Only the lines below from the one that contains "Computer help assistant" through the one that contains "- SB9SUBA Sellier" should appear in your answer, exact and without pictures.

The data:
····················

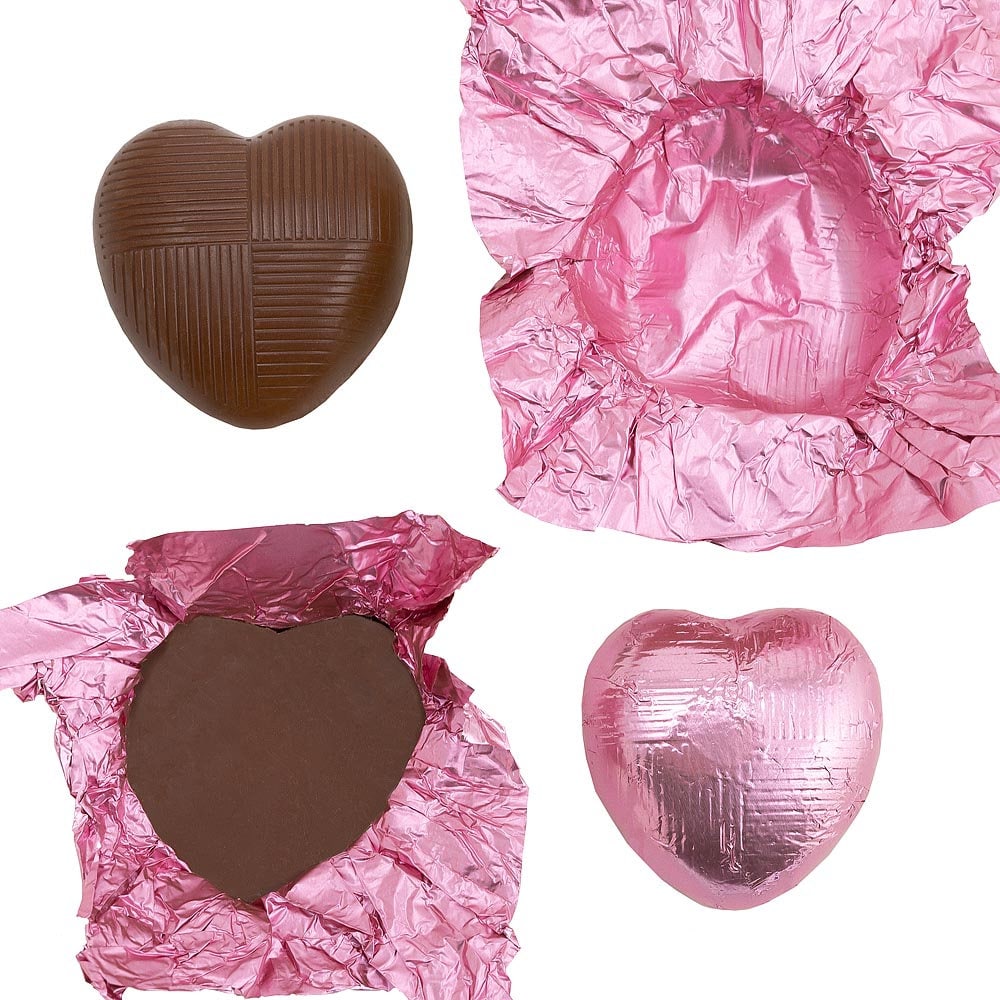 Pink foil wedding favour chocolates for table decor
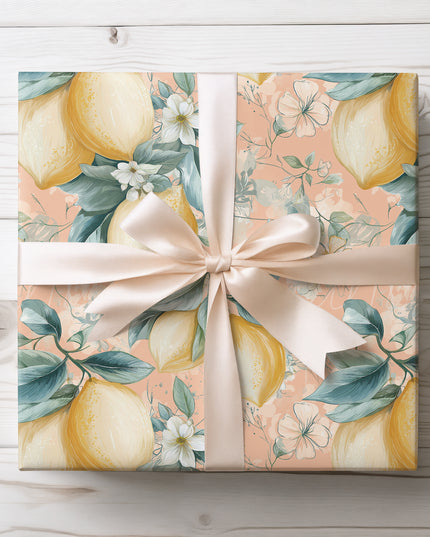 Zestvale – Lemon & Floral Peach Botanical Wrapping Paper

····················

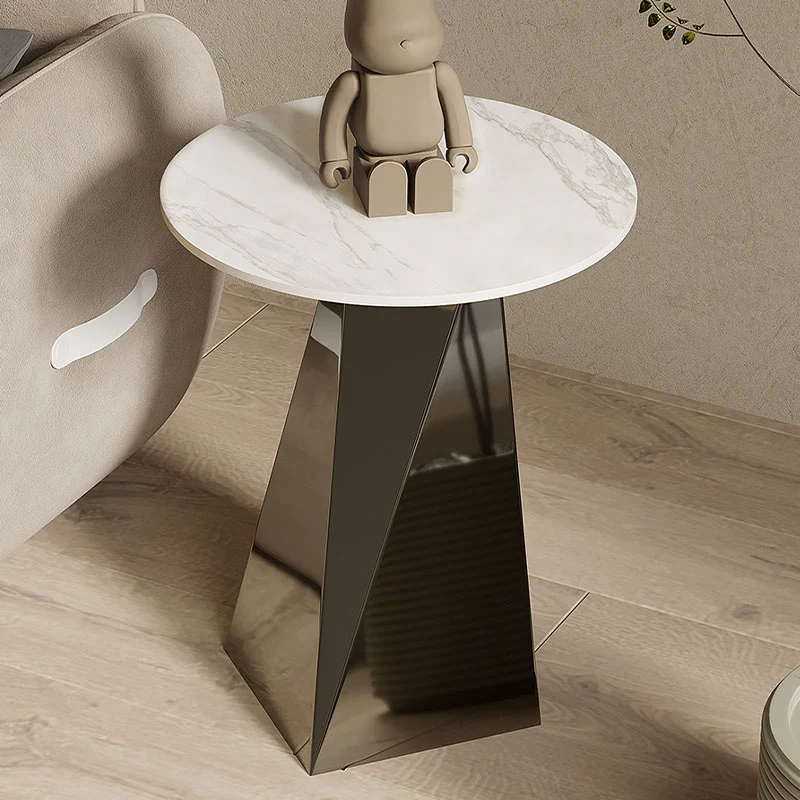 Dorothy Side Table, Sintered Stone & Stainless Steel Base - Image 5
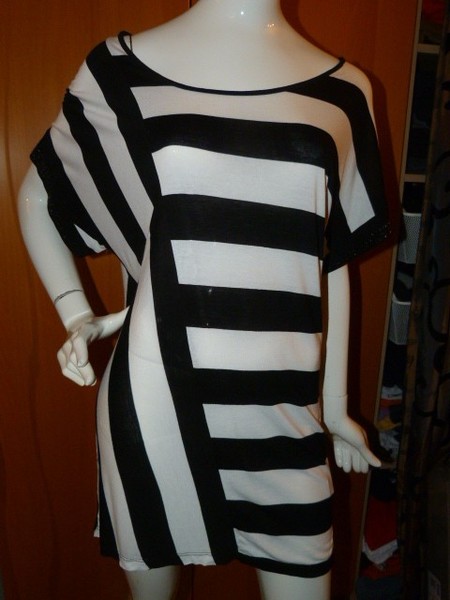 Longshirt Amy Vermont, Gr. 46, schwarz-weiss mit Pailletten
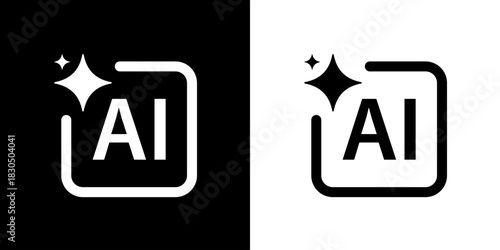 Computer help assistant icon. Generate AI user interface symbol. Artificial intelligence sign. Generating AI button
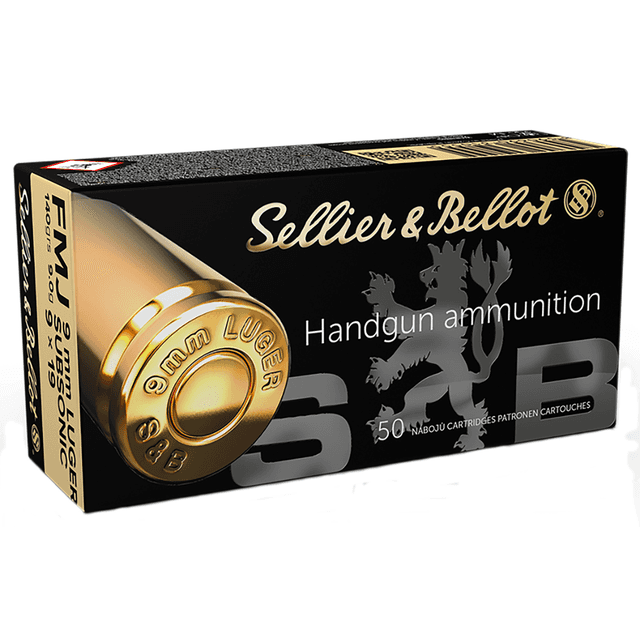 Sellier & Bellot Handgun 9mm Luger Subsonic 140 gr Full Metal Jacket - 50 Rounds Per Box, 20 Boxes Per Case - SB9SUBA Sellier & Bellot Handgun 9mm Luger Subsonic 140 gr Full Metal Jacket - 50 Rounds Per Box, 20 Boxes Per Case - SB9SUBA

····················

Solution for this exercise:
 Computer help assistant icon. Generate AI user interface symbol. Artificial intelligence sign. Generating AI button
 Sellier & Bellot Handgun 9mm Luger Subsonic 140 gr Full Metal Jacket - 50 Rounds Per Box, 20 Boxes Per Case - SB9SUBA Sellier & Bellot Handgun 9mm Luger Subsonic 140 gr Full Metal Jacket - 50 Rounds Per Box, 20 Boxes Per Case - SB9SUBA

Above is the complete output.